Even if you do follow basic miter saw safety rules – keeping your free hand well out of the path of the blade; wearing safety equipment; making sure any angle settings are securely locked in; keeping the material up tight against the fence and bed of the tool, etc.* - you may encounter an occasional surprise. The most common is the one described above, where the blade gets stuck in the material and, in the case of a sliding saw, is propelled toward the user.
What causes this? This type of kickback happens when the kerf closes in on the blade and “grabs” it. It happens frequently when sawing long, wide boards near the middle. When lumber isn’t perfectly straight and flat (and it never truly is) it can’t be held in firm contact with the fence and bed of the saw at every point. As the cut proceeds and the wood moves into closer contact with the fence and/or bed, the kerf changes shape and can impinge on the path of the blade. When cutting long, wide stock on a sliding miter saw, some woodworkers like to start by making a partial chop cut near the fence side of the blade. Doing so helps soften the effects of any binding that takes place.
Other factors contribute to blade binding, including one or two that are entirely preventable. Wet wood or wood with a high pitch content is more “sticky” and can be more grab-prone. A dull or inappropriate blade will also have more of a tendency to bind. On a sliding miter saw, a dull blade with an aggressive hook angle and too few teeth is a recipe for jagged cuts, short bits of cutoff ricocheting hither and yon, and a generally unpleasant sawing experience at the very least. A quality blade designed for use on a slider (such as Freud’s LU91R Sliding Compound Miter Saw Blade) will not only help cut down on binding, but will also make a world of difference in quality of cut the saw delivers.
You should also check to make sure the saw is functioning properly. The blade needs follow a perfectly straight path throughout the cut to avoid rubbing up against the kerf. Make sure that bevel and miter settings are holding fast, that the blade is on tight, and that there’s no appreciable slop in any of the working parts.
It’s a good idea to make sure that the two sides of the fence are on the same plane. If they are not, and the fence is not adjustable, the problem can be corrected by adding a shop-made sub-fence to ether side and shimming until the two are exactly coplanar. If all is working correctly and you are using a sharp, appropriate blade, the vast majority of your cuts should be near glass smooth and trouble free.

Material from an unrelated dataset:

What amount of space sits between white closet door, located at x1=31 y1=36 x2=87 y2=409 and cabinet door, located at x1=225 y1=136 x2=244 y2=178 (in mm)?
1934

Another unpleasant miter saw event happens when the blade catches the edge of a piece of cutoff and fires it across the shop. Occurring most often with very small pieces of stock, this type of “kickback” is rarely puts the operator in great physical danger (as long as appropriate safety equipment is in use). But it is startling, and can be very annoying when the sawn-off projectile - which can be extremely difficult to find - is the part you need.
A good blade and a correctly functioning saw are the best defense against flying cutoff. It’s also advisable to use a moderate slicing stroke instead of slamming though the wood as fast as you can (chop saw is a name, after all, not an instruction). Another trick is to let the blade come to a complete stop before lifting it up past the stock. If everything else is in order, doing so should leave even tiny cut off ends lying right next to the blade.
NOTE: * Please read your saw’s owner’s manual for a more complete list of safety rules.